All I can find at the big box stores are 16" or 24" shingles in large lots, which isn't really useful. The shingles are way too long and the quantity is much too large.

I need suggestions on what to use as an alternative to standard cedar shingles.

Best Answer

Either buy a bundle (#2 white cedar, and pick out the better ones) and cut them down, or visit a jobsite with shingling in progress and ask for offcuts (bring coffee and doughnuts to improve your odds of "yeah, sure, take whatever you need from the scrap pile")

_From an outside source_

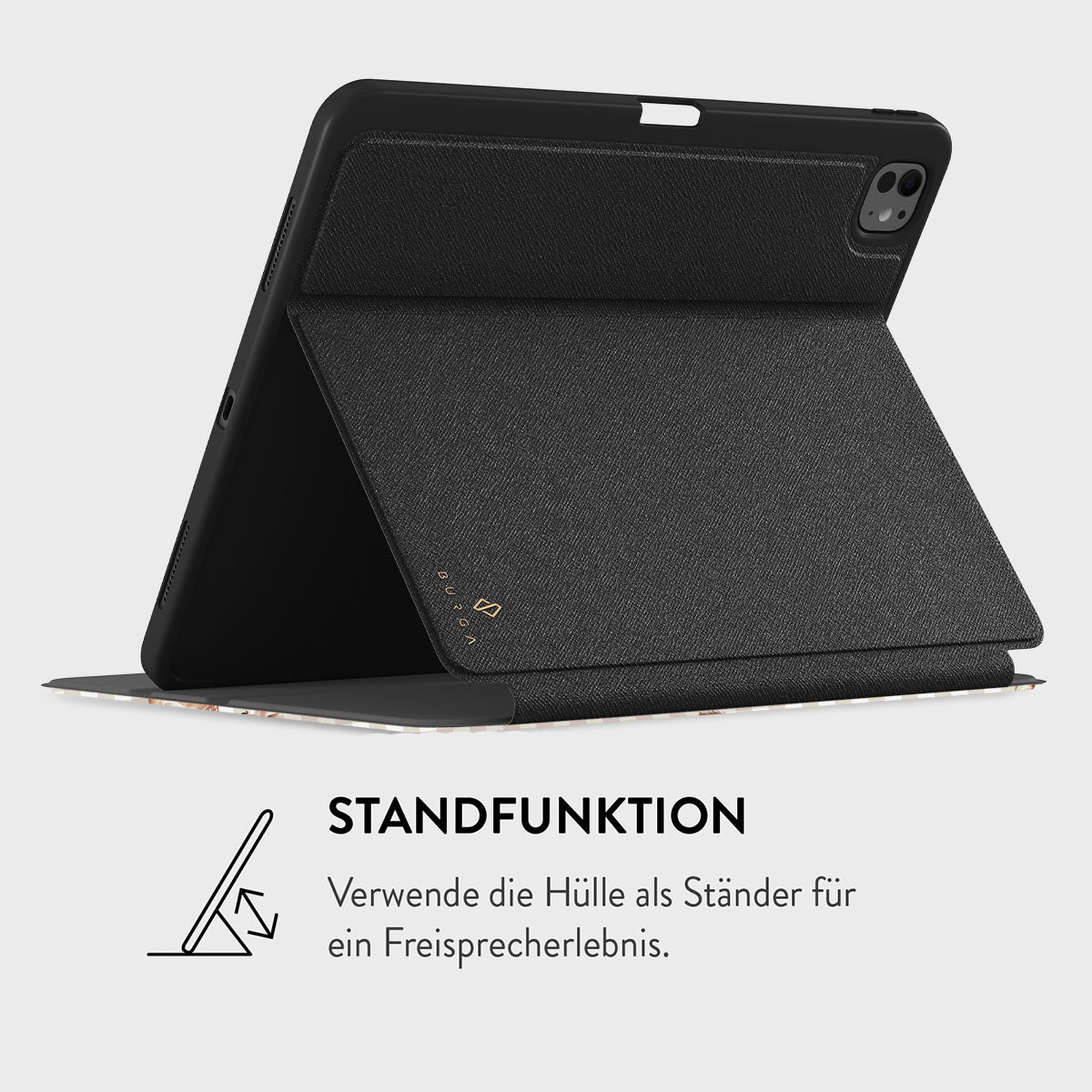 Skorter | Bambi - iPad Pro 13 (7th generation) case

A quick glance shows that $10 will get a bundle of "utility" grade shingles, which is codeword for "bad" but you can probably trim those to get enough usable shingles for your small job and a lot of kindling for lighting fires with.

Any job will have a large number of cutoffs where the top of the wall or roof is finished with short shingles - no short shingles are sold, so all the 4"-8" shingles lining the top have a corresponding 12"-8" cutoff.

You might think you'll just buy a pack of shims, but shims are too narrow to function as shingles (anything less than 3" wide is not wide enough.) That might even be what was originally done on your bird feeder, upon a quick count - and part of why it failed so badly. You need at least 1-1/2" from a joint in one layer to a joint in the next layer - thus, 3" is a minimum.